Segment Start: Records shown
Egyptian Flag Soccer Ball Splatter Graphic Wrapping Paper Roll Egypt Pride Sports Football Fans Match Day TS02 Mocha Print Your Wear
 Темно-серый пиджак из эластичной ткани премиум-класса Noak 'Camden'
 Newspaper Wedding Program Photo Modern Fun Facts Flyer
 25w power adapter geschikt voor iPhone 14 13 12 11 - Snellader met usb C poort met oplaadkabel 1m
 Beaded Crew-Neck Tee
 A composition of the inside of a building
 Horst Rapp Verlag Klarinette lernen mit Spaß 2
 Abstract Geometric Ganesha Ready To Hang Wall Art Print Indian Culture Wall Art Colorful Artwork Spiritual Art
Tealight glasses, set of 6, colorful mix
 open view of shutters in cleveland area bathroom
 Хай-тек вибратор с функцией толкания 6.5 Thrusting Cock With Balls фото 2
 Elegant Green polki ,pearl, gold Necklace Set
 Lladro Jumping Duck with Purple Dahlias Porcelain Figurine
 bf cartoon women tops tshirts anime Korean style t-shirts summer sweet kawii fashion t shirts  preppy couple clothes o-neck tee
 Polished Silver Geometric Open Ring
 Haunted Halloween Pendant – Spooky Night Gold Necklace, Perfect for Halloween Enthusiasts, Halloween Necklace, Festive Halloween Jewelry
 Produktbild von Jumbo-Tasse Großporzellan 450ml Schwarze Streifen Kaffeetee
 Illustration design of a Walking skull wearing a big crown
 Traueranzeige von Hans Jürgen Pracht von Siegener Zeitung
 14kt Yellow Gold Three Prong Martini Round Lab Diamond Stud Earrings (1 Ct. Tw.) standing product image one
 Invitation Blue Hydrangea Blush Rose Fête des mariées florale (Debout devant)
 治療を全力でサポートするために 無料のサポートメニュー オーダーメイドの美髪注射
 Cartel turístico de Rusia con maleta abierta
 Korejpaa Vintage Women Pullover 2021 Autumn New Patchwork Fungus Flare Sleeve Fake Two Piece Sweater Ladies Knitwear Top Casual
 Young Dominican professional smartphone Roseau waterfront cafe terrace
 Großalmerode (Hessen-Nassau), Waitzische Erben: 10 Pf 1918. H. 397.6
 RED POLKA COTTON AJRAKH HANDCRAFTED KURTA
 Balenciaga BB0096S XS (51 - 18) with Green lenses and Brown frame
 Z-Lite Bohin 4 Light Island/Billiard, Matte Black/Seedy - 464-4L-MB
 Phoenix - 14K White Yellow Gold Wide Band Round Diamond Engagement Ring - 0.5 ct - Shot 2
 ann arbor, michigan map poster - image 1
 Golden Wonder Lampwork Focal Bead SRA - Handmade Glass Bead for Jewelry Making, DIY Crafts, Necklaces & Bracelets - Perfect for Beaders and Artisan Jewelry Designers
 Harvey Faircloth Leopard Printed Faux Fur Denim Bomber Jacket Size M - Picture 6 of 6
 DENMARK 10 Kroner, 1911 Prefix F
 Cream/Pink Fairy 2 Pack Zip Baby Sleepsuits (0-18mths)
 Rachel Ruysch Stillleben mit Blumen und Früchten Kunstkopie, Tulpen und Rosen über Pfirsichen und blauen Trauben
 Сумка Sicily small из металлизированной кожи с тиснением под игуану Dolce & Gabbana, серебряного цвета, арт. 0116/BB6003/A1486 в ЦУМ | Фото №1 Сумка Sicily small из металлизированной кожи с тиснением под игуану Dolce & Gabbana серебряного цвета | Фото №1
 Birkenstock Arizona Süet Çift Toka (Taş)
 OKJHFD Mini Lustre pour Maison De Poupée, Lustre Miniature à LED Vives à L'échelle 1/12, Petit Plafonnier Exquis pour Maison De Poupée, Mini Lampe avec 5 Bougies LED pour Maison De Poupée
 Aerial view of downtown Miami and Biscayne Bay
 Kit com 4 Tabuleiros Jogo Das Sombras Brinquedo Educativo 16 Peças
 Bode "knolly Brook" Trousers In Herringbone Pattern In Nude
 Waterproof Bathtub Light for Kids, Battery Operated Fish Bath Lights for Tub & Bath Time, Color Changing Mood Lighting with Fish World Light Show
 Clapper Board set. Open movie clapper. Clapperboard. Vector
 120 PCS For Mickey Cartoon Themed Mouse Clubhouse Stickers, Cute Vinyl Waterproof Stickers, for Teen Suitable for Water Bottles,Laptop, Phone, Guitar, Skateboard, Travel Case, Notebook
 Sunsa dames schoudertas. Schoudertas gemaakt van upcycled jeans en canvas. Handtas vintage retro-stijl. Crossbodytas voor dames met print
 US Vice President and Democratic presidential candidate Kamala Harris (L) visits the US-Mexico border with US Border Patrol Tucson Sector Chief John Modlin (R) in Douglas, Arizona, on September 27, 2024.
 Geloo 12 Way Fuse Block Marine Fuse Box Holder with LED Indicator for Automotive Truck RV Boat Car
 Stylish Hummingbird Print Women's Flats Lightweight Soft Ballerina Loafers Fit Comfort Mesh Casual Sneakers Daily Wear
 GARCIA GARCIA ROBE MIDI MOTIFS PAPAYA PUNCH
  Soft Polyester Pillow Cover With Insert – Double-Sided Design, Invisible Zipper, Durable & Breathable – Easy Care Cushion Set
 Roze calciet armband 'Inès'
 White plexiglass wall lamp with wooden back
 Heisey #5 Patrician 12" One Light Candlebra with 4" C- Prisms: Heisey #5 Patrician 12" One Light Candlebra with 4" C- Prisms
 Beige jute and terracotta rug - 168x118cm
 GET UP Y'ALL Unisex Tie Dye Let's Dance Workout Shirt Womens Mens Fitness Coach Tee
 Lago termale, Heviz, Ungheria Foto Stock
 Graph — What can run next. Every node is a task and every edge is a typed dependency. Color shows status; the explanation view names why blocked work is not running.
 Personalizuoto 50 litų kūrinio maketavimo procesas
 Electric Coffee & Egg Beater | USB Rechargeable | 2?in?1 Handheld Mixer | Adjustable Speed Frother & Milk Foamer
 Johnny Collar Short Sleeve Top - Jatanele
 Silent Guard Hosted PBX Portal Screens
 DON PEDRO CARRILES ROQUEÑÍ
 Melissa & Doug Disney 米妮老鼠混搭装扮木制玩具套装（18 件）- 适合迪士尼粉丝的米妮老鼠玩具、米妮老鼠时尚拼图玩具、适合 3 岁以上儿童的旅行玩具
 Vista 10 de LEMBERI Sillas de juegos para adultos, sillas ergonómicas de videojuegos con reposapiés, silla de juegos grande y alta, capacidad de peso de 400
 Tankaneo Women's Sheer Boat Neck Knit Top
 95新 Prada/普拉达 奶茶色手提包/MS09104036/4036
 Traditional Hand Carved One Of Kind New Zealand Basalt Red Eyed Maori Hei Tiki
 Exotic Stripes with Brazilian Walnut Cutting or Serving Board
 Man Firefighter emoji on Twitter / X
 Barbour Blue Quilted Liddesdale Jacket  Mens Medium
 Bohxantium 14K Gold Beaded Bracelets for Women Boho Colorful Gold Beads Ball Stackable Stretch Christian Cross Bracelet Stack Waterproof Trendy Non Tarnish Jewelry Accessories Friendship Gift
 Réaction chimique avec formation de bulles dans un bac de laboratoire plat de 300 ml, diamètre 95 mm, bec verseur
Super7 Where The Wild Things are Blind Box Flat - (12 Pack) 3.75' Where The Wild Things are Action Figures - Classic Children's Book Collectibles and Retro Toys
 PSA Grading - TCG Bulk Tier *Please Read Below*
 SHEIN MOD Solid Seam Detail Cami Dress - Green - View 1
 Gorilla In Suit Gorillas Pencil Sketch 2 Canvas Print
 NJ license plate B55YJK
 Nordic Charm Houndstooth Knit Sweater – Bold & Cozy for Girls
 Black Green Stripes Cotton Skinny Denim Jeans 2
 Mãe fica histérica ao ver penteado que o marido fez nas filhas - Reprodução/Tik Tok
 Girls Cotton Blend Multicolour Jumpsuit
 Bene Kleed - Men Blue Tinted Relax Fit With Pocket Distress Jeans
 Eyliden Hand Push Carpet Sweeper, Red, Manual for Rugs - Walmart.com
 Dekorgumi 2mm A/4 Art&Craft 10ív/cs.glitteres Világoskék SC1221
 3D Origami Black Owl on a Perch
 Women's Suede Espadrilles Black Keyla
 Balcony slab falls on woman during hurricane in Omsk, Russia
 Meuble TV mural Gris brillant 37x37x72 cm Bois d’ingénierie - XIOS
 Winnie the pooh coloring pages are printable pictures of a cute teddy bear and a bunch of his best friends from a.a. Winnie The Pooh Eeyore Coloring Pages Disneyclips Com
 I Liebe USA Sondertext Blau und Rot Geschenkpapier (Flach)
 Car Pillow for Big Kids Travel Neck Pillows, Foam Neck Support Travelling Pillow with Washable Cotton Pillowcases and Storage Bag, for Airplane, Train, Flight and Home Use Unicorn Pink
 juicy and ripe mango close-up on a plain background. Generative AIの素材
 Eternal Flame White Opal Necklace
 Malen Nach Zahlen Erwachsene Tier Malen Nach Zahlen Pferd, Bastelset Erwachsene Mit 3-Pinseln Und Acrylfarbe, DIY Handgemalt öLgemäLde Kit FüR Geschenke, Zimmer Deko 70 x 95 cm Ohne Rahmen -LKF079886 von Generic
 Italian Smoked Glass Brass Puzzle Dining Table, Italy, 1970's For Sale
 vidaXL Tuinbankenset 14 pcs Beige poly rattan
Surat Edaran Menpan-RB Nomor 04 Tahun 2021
Segment End: Records shown
> _Exercise description_: Retype exactly, and only, the lines above from the one where "Bene Kleed - Men" occurs up to and including the one where "I Liebe USA" occurs.

> _Output_:
 Bene Kleed - Men Blue Tinted Relax Fit With Pocket Distress Jeans
 Eyliden Hand Push Carpet Sweeper, Red, Manual for Rugs - Walmart.com
 Dekorgumi 2mm A/4 Art&Craft 10ív/cs.glitteres Világoskék SC1221
 3D Origami Black Owl on a Perch
 Women's Suede Espadrilles Black Keyla
 Balcony slab falls on woman during hurricane in Omsk, Russia
 Meuble TV mural Gris brillant 37x37x72 cm Bois d’ingénierie - XIOS
 Winnie the pooh coloring pages are printable pictures of a cute teddy bear and a bunch of his best friends from a.a. Winnie The Pooh Eeyore Coloring Pages Disneyclips Com
 I Liebe USA Sondertext Blau und Rot Geschenkpapier (Flach)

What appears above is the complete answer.